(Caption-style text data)
*** Block opens ***
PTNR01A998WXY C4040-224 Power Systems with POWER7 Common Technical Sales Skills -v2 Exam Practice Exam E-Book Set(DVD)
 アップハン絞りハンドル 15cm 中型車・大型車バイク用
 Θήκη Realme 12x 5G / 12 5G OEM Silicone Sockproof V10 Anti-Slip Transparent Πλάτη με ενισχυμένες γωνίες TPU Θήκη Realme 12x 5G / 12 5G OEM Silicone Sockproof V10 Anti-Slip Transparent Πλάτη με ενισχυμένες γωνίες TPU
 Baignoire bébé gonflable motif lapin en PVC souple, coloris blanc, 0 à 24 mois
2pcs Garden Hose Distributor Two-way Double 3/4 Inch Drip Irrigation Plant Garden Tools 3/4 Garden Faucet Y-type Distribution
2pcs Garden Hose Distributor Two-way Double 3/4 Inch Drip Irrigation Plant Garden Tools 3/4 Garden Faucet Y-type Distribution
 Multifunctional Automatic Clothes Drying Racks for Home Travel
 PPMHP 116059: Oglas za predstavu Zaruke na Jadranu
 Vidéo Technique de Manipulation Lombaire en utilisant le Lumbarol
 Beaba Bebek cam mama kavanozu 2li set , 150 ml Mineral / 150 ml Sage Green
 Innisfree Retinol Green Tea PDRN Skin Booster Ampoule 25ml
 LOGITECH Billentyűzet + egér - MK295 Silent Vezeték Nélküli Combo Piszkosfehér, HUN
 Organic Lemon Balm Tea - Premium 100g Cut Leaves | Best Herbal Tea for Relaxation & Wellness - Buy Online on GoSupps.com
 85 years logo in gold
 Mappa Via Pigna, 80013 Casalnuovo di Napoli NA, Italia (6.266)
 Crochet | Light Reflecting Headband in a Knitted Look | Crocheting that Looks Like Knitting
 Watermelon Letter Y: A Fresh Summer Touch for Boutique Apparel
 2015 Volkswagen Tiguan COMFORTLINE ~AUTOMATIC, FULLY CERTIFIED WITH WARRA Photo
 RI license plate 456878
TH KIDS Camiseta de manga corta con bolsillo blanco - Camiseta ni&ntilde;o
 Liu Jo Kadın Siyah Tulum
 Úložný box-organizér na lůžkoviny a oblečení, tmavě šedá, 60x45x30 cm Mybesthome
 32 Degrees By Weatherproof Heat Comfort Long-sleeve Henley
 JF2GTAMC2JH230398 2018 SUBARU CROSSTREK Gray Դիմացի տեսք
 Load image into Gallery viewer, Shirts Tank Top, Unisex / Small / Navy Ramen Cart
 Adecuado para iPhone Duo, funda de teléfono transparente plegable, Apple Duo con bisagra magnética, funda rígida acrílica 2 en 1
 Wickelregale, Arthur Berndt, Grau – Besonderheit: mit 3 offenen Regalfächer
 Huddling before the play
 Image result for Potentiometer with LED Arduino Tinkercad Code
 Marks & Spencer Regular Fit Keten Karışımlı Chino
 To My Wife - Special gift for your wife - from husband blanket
*** Block closes ***
- [WHAT THE EXERCISE ASKS] What are the lines above, starting at the one with "Liu Jo Kadın Siyah Tulum" and ending at the one with "Marks & Spencer"? Give them again exactly, and only them.

- [SOLUTION BELOW]
 Liu Jo Kadın Siyah Tulum
 Úložný box-organizér na lůžkoviny a oblečení, tmavě šedá, 60x45x30 cm Mybesthome
 32 Degrees By Weatherproof Heat Comfort Long-sleeve Henley
 JF2GTAMC2JH230398 2018 SUBARU CROSSTREK Gray Դիմացի տեսք
 Load image into Gallery viewer, Shirts Tank Top, Unisex / Small / Navy Ramen Cart
 Adecuado para iPhone Duo, funda de teléfono transparente plegable, Apple Duo con bisagra magnética, funda rígida acrílica 2 en 1
 Wickelregale, Arthur Berndt, Grau – Besonderheit: mit 3 offenen Regalfächer
 Huddling before the play
 Image result for Potentiometer with LED Arduino Tinkercad Code
 Marks & Spencer Regular Fit Keten Karışımlı Chino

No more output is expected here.